EXERCISE OBJECTIVE: From the material below, return exactly the lines starting at the one that holds "Chic white woven" and ending at the one that holds "Best 2 Rustic". Pictures stay out of the answer.

DATA LISTING:
= = = = = = =

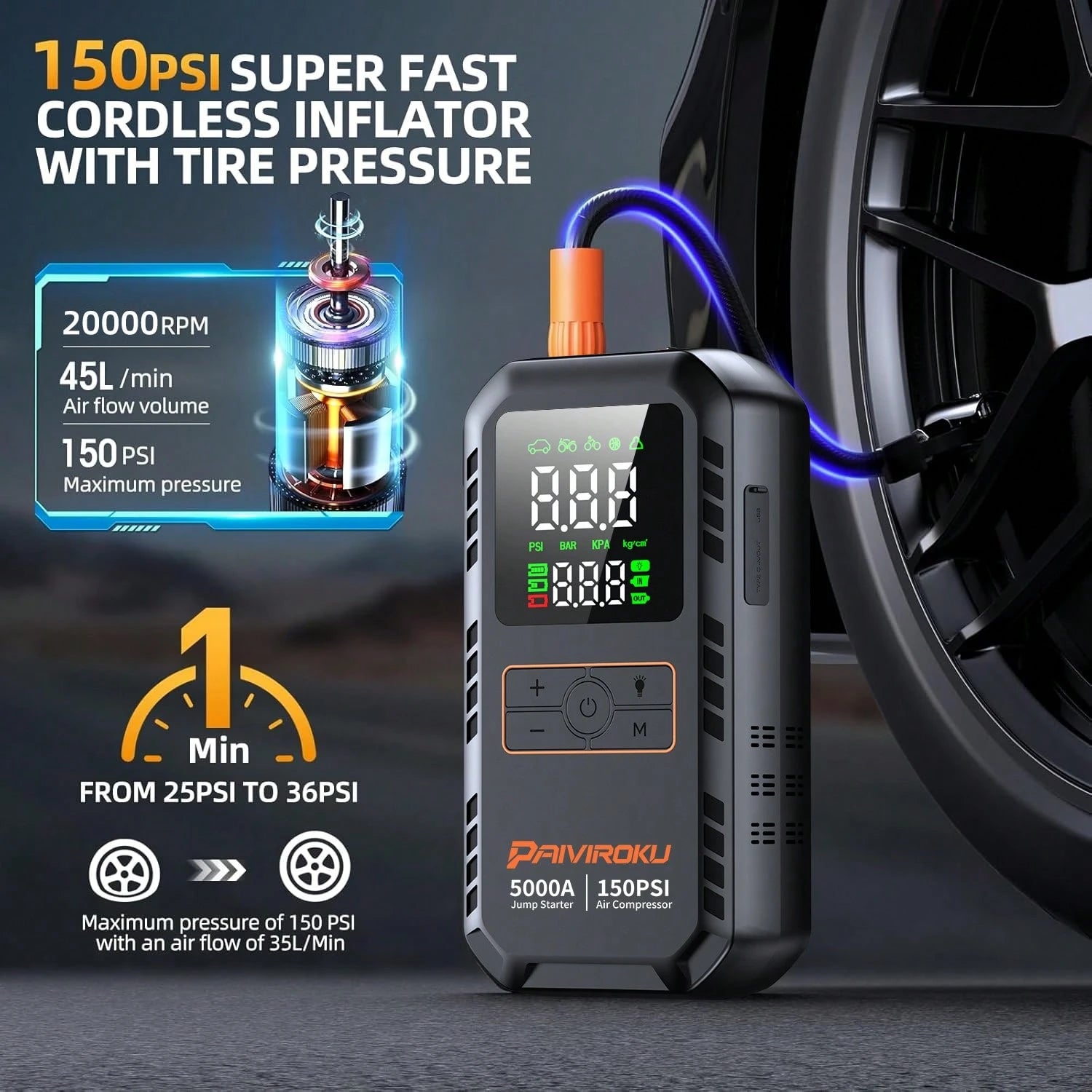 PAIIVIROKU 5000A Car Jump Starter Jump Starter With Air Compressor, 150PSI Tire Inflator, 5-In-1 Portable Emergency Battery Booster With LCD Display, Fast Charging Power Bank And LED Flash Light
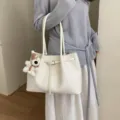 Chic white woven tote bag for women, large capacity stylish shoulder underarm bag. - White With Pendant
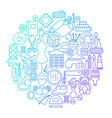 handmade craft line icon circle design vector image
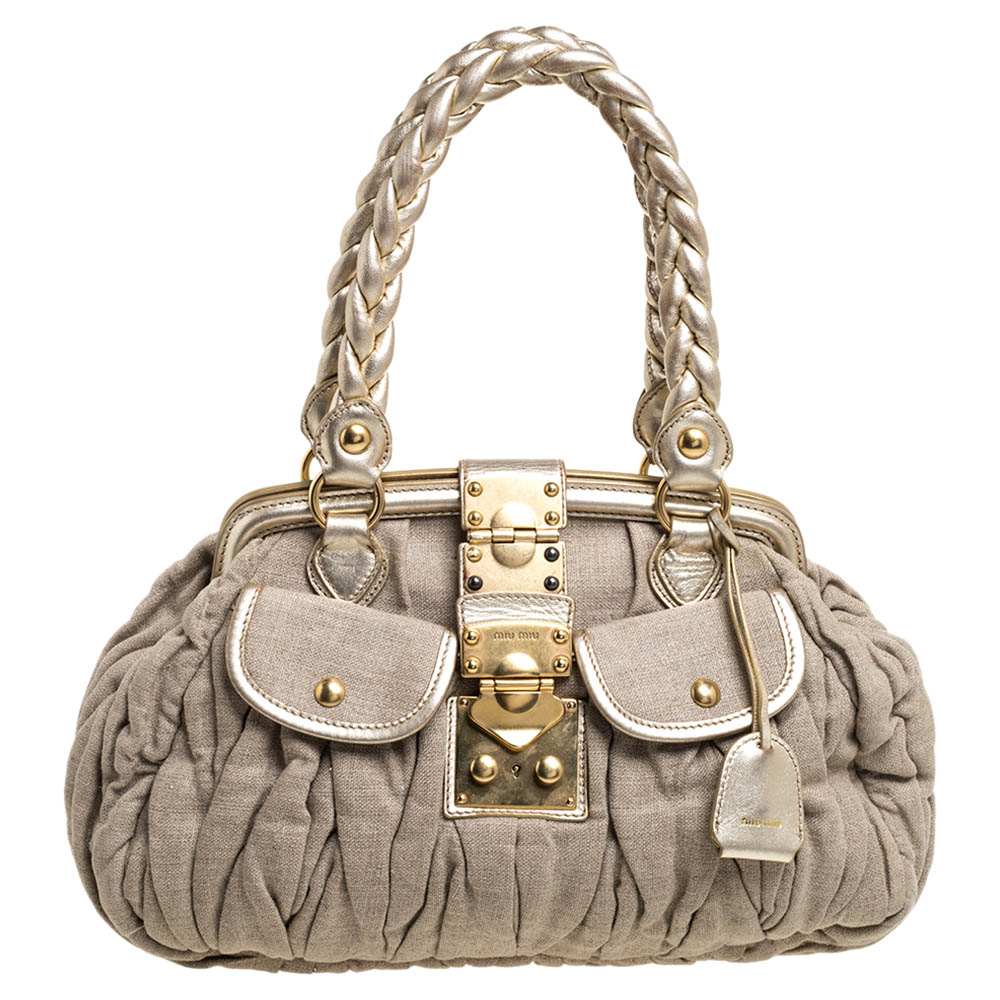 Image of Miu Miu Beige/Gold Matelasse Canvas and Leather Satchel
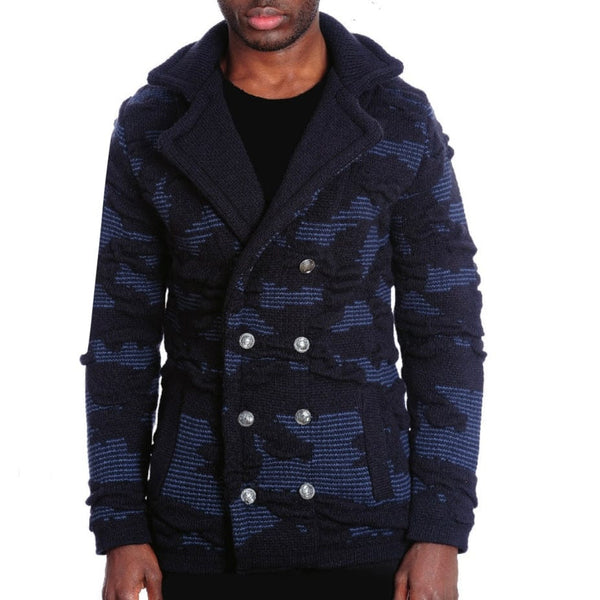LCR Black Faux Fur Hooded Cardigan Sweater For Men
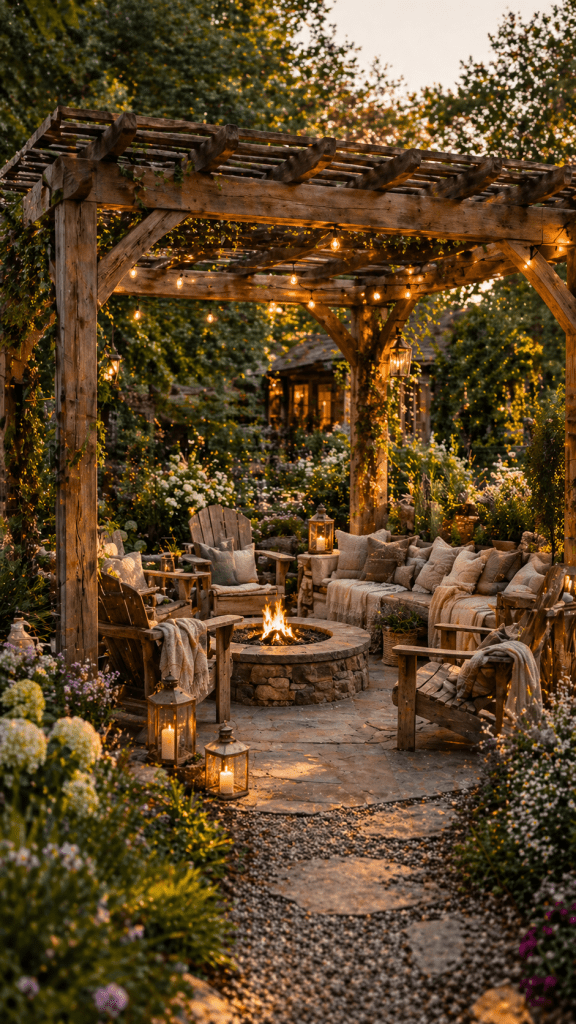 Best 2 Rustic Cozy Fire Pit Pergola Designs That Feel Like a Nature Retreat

= = = = = = =

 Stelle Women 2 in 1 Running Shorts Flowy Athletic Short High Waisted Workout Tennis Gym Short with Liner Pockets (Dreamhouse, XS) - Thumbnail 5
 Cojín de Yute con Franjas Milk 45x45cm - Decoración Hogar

= = = = = = =

RESULT:
 Chic white woven tote bag for women, large capacity stylish shoulder underarm bag. - White With Pendant
 handmade craft line icon circle design vector image
 Image of Miu Miu Beige/Gold Matelasse Canvas and Leather Satchel
LCR Black Faux Fur Hooded Cardigan Sweater For Men
 Best 2 Rustic Cozy Fire Pit Pergola Designs That Feel Like a Nature Retreat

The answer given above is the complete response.